Beitrag von Astrid »

Hallo Daenerys,

"Sei doch nicht gleich so verkrampft!"
Den oder ähnliche Aussprüche haben bestimmt schon einige Frauen gehört, die sich "harmlosen" sexistischen Alltagsäußerungen verbeten haben.

Die vielen kleinen Verfehlungen bereiten oft den Boden für die großen. Und eine ernsthafte Diskussion über Sexismus beginnt für mich schon dort, wo er tagtäglich vorkommt.

Ein Kollege nannte mich neulich prüde, weil ich mich dazu bekannte, Pornofilme wiederlich zu finden. Harmlos, aber ich fand's daneben.
Ein anderer Kollege meinte neulich in einer Runde von mir und drei weiteren Kollegen ganz klar, "daß sich heutzutage jeder zur Frau ummachen lassen kann, der das will. Das ist kein Problem" (Anm.: Ich trete offen als Transgender auf, jeder weiß und sieht das).
Harmlos? Mich hatte das an diesem Tag schwer getroffen. Ich glaube keinem der Anwesenden war auch nur annähernd bewußt, wie sehr mich das verletzt hat.

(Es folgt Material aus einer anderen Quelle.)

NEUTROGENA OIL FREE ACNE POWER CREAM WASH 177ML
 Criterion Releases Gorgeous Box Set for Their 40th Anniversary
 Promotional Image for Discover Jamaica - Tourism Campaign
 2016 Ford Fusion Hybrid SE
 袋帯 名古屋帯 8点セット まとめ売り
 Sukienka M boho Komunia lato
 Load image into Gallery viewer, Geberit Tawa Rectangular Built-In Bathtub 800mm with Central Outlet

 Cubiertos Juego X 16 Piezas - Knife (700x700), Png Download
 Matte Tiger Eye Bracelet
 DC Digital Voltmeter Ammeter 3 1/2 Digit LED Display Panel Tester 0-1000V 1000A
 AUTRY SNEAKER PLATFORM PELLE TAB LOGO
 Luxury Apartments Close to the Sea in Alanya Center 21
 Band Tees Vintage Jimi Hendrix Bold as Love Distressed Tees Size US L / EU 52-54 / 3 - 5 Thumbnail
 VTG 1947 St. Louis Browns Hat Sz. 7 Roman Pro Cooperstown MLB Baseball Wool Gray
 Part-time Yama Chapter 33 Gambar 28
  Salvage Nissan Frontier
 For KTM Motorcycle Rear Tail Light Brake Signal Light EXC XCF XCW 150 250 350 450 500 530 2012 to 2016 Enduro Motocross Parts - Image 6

Wie gesagt, ich bin nicht Deiner Meinung, daß wenn wir hier auch mal ums Kleinkarierte reden, gleich die ganze Diskussion verwässern.
Und nochmal, was empfinden die Frauen, die sich selbst möglicherweise nicht als "optischer Gewinn" ansehen und nun durch die Presse erfahren, wie ihre Parteikollegen Personalfragen diskutieren?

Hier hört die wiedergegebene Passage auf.